I am against releasing pets in the wild but any remarks,
It's a well so normally it's not connected with any river or pond.
Normally the fresh water is groundwater not a pipe,canal,stream etc.
In my opinion this is safer than diggin' a pond in your yard.
Imagine heavy rainfalls and your whole garden get flooded...at this moment your fish escaped allready.The entrance of a well is normally some feet above the ground,so you need alleady a heavy flood to let them escape.
You want to put there only one fish so the risk of invation is rather minor
and you are going to take it out again after.

If you do it sure send some pics becaus i think the growt and coloration will be
stunnin'

greetz

William


----------



## Malice (Feb 19, 2004)

i wouldnt put in a pygo, i would throw in a good sera species... might last a little longer..


----------



## hastatus (Jan 16, 2003)

Evidently you are all not getting the point. For example; in Monkeyland, Florida a population of S. rhombeus was discovered in a pool where they had been breeding, left there by a person keeping them as pets. This helped lead the authorities to ban them in Florida.

In Hawaii, a population of P. nattereri was found from a fellow keeping in a pool. This too led to the fishes being banned. Throughout the world, there are plenty of reports of piranas being discovered whether intentionally or unintentially introduced. Fact is, people are afraid of them and that will not change in the near future.
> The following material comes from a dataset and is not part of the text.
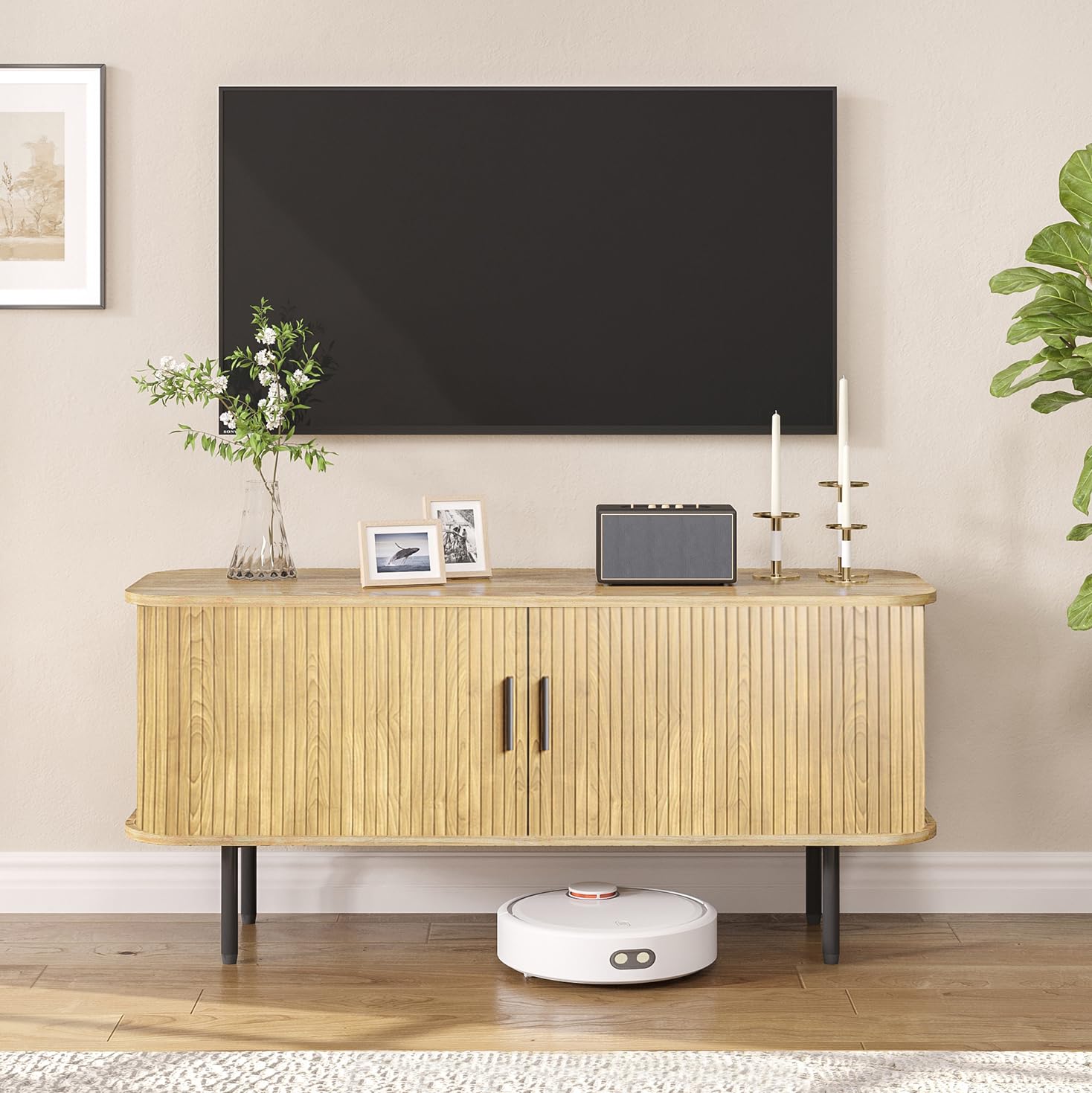 Natural Fluted TV Stand for 60 - Gaming Console Entertainment Center 评论和价格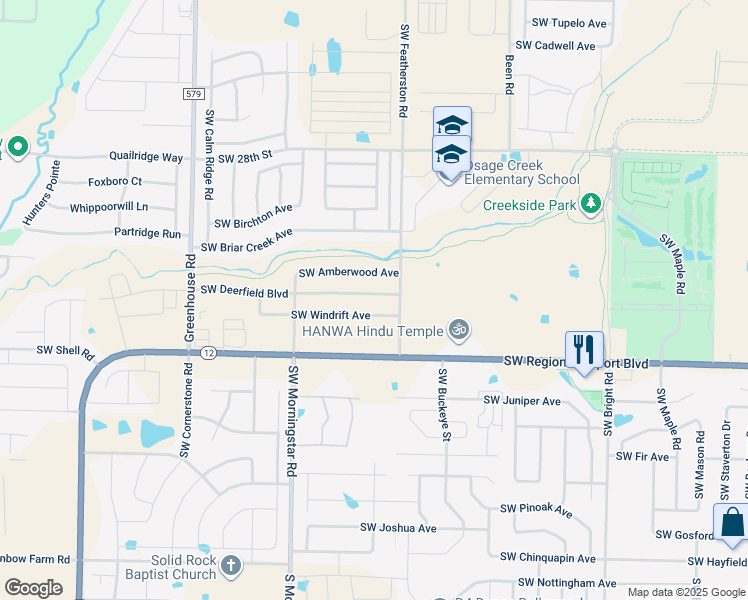 map of restaurants, bars, coffee shops, grocery stores, and more near 3003 Southwest Windrift Avenue in Bentonville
Anyway you folks color it, regardless if its a closed pool or not, if you want to create public hysteria and cause your fishes to be banned, just put them "outdoors" and you'll see how quickly the authorities will go into action.

I'm done.


----------



## ReDraGon-> (May 24, 2004)

hastatus said:


> Evidently you are all not getting the point. For example; in Monkeyland, Florida a population of S. rhombeus was discovered in a pool where they had been breeding, left there by a person keeping them as pets. This helped lead the authorities to ban them in Florida.
> 
> In Hawaii, a population of P. nattereri was found from a fellow keeping in a pool. This too led to the fishes being banned. Throughout the world, there are plenty of reports of piranas being discovered whether intentionally or unintentially introduced. Fact is, people are afraid of them and that will not change in the near future.
> 
> ...


----------



## PygoManiac (Jul 26, 2004)

Frank this isnt a "public" pool, or a lake or anything. Its a well which is on our property(My Uncle's). No one has nothing to do with this well, ocassionally someone like me just watches from the top. It is locked out by a concrete perimeter on one side and our building on the other. 
Releasing a single Piranha into this well isnt what I'd call releasing him in the wild. The well was artificially created and isnt categorised as a natural water body.


----------



## Lex (Oct 17, 2004)

you better take lots and lots of pics if and when you do this...


----------



## mechanic_joe (Dec 4, 2003)

I can defineatly see the fascination of putting a piranha into a 'almost natural environment' ... however, I think the possible consequences are too high. Keeping any exotic pet is not a right, its a responsibility. Just my 2 cents.










Joe.


----------



## hastatus (Jan 16, 2003)

> PygoManiac Posted on Nov 3 2004, 04:59 AM
> Frank this isnt a "public" pool, or a lake or anything. Its a well which is on our property(My Uncle's). No one has nothing to do with this well, ocassionally someone like me just watches from the top. It is locked out by a concrete perimeter on one side and our building on the other.
> Releasing a single Piranha into this well isnt what I'd call releasing him in the wild. The well was artificially created and isnt categorised as a natural water body.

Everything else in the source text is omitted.